I created a style guide and responsive component library to ensure consistency and accessibility obeying WCAG AA (4.5:1 text, 3:1 UI elements):
I used red as primary to align with Austria’s national colours, and evoke excitement, while careful to avoid visual overload. Secondary blues and greens evoke calmness, reliability and nature. State colours were chosen carefully to maintain semantic clarity while distinct from brand colours.
I applied Dela Gothic One for display text to add a bold, adventurous outdoor vibe, paired with Montserrat for headings and body for readability and friendly, open, landscape-like letterforms. Font sizes and line heights comply with Material Design 3 standards.
I established a cohesive icon system with sizing guidelines, ensuring a minimum 24px for accessibility and clickability.
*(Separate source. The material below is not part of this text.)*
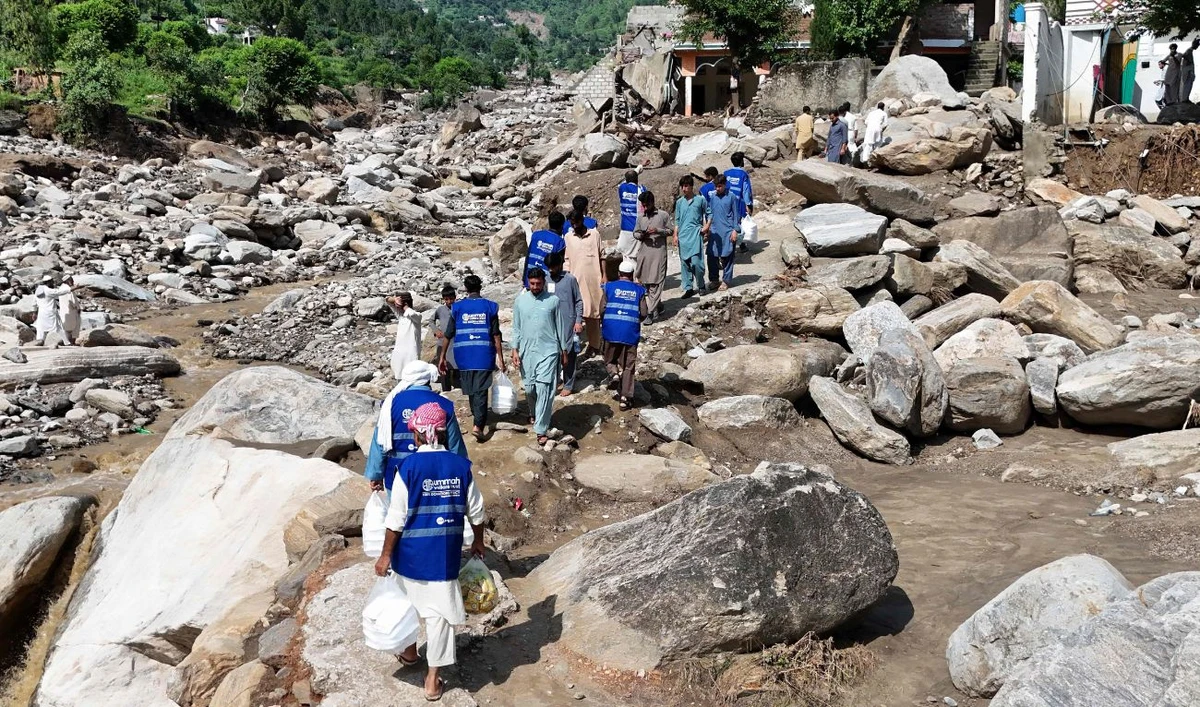 In this aerial picture, volunteers carry aid for residents, after flash floods hit Buner district in northern Pakistan's mountainous Khyber Pakhtunkhwa province on August 18, 2025. (AFP)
I defined component rules for buttons, text fields, and selectors (default, hover, selected, disabled), using variants and appearance properties to maintain consistency. Padding and sizing rules are based on font size for scalability and responsiveness.
I incorporated overlays, subtle animations, and interactive feedback to guide users without being intrusive, improving usability and navigation.
My proposal for optimising the Tourismus Tirol tackles key user pain points through clearer navigation, mobile-friendly layouts, and consistent, digestible content. It streamlines browsing and booking while providing helpful feedback. This aims to not only build trust and reduce user effort, but also reduce bounce, and boost satisfaction and turnover for Tourismus Tirol. This case study shows how a thoughtful user-centred approach can transform a product to better benefit both user and business.
Given more time, I would conduct another round of usability testing with the interactive high-fidelity prototype, to validate design changes and assess the functional experience as a whole. Despite this, this project has honed my skills in UX strategy, building repsonsive WCAG-compliant design systems, while also refining my ability to balance business goals with user needs.